I know I am not alone in this, but for me this was one of the most difficult things to confront, was the logical implications of a world that takes this shape, and yet still needs to make logical and rational and coherent sense of the lived life. It doesn’t make our experiences of these illusions less real, but it does lead to some very real and difficult questions when conronting the question of what is actually true within this given framework of reality.
This to me is the great paradox of trying to make sense of something like the story we encounter in the Gospel according to Mark. On one hand, yes, it is about hope. It is about being handed a story that can tell us what freedom, so defined (or in need of defintion) is for. But in this sense there is an irony- that the contrary positions which assume a worldview that has no room for the resurrection would seem to be, logically speaking, hinged on a narrative which states that hope itself, when defined according to those processses, is a necessary illusion.
It would seem then, and I think this tends to be the central point of modern forms of skepticism, the source of the tension is that tricky word called truth. What seems to be abundantatly evident in either case is that narrative matters to shaping what we see as true. For the Gospel of Mark, true sight comes by way of the lived life, and to live we need a narrative. This is as fundamental to the human experience as the breathe in our lungs.

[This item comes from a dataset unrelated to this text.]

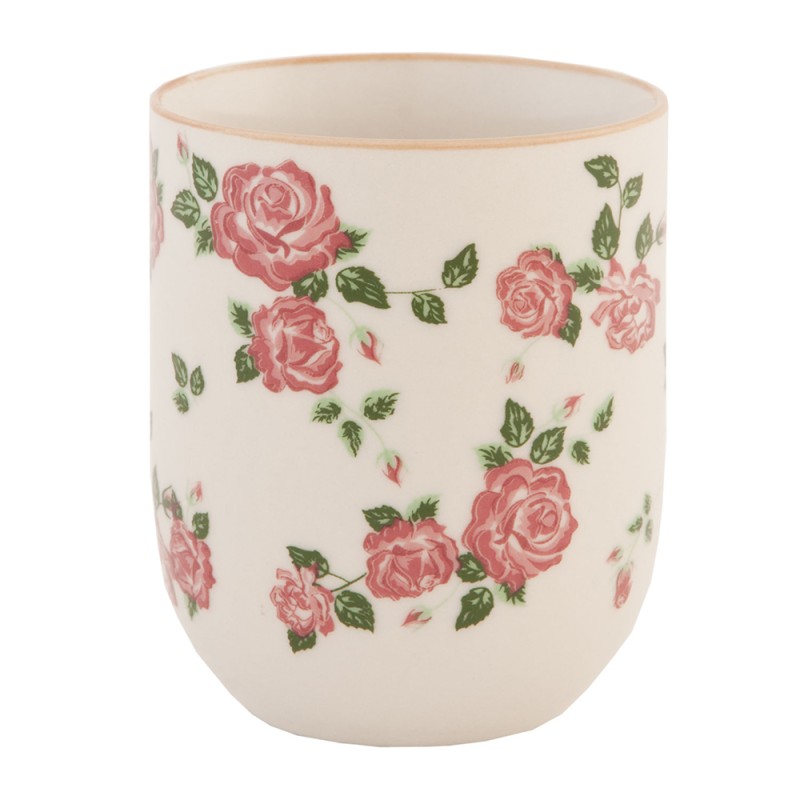 Clayre & Eef Tasse 100 ml Rosa Porzellan Rund Blumen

I am reminded here of an old familiiar hymn, one that, in a moment of reflection on my guiding narrative I (somewhat) re-wrote verse 2 with a slightly different or shifted emphasis as a way of capturing those particular nuances. Every time I sing this song or hear this song in it’s common form, I bring these re-accentuated lyrics to mind, reminding myself of the story I am particpiating in. The reason I am reminded of this here is because, i think it captures so much of the narrative I have found on my journey through the Gospel according to Mark over these last number of months, the very narrative that comes alive for me in encountering the resurrection of Jesus in this world afresh:
Crown Him the Lord of Life who triumphed over (the Powers of Sin and Death), and rose victorious in the strife for (the creation) He came to save. His (the gift of his glorious indwelling presence in creation) now we sing, who died, and rose on high, who died to bring (the new creation) to be, and lives that (the Powers of Sin and Death) may die.